Authors: Belva Plain
“Pride, Papa. A man’s pride, and he’s got too much of it. It’ll take a deal of talking to talk him out of it.”
Ferdinand put a warm hand on his daughter’s shoulder. His forehead wrinkled in distress. “I’m so sorry, dearest girl. You’ve been through too much in your short years.”
“A lot of it was my own fault, Papa, though some of it wasn’t.”
“What are you going to do?”
“Do? I’m going to talk him out of it. But right now
I think, if you don’t mind, I’d just like to be by myself awhile.”
He stood aside to let her pass, and she went downstairs, out to the old side garden, that little spot where so much had happened in her life.
There, still, Aphrodite stood. The dove at her feet had been smashed, but Ferdinand had cleaned out the pool himself, and the water fell now as it always had, in two curving tiers, like flounces on a skirt. And she sat there, without moving, until her heartbeat slowed and her breath came quietly again. The water rippled and trilled; voices and noises came from the other side of the wall, as the life of the street resumed, the life of the old, old city on the brown enduring river.
Here her children had taken their first steps. Here she had made her first trembling visit to this house where her years as a woman had begun. And she remembered her father’s house before that, lofty in her sight as a palace, when, clinging to David’s hand and awkward in her fine new dress, she had come to this strange country. She remembered the strange languages learned on the heaving ocean, and the ship, and Gabriel the boy standing drenched on the deck with the shivering dog in his arms.

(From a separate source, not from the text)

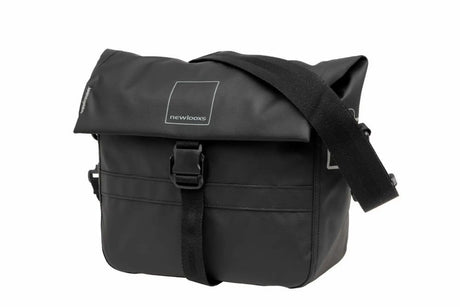 Basil stuurtas new looxs leeds kf | excl. adapter | zwart | 7l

It had been a long, long way: up in the world and down, up again and down again.
“But I can do things,” she said aloud. There was a thickness in her throat which she swallowed, and then went on talking to the air. “I can do things. I’ve done so much I never thought I could. And I can make him change his mind. Yes, Gabriel, I can.”
A butterfly had settled on her wrist; its resting wings, erect as sails, were opalescent mauve. The common wood nymph, probably, she thought, surprising herself with this recollection from the frontispiece in one of David’s enormous books. The lovely substance
of the living wings was patterned like Oriental silk. All is pattern, all life, but we can’t always see the pattern when we’re part of it.
She was able to smile. Hadn’t Fanny always said it was a good omen when a butterfly lights on you?
The little creature quivered, lowering its wings and fluttering from her outstretched arm. It flickered toward the shrubbery, wavered away, and was lost in the gold and silver dazzle of the afternoon.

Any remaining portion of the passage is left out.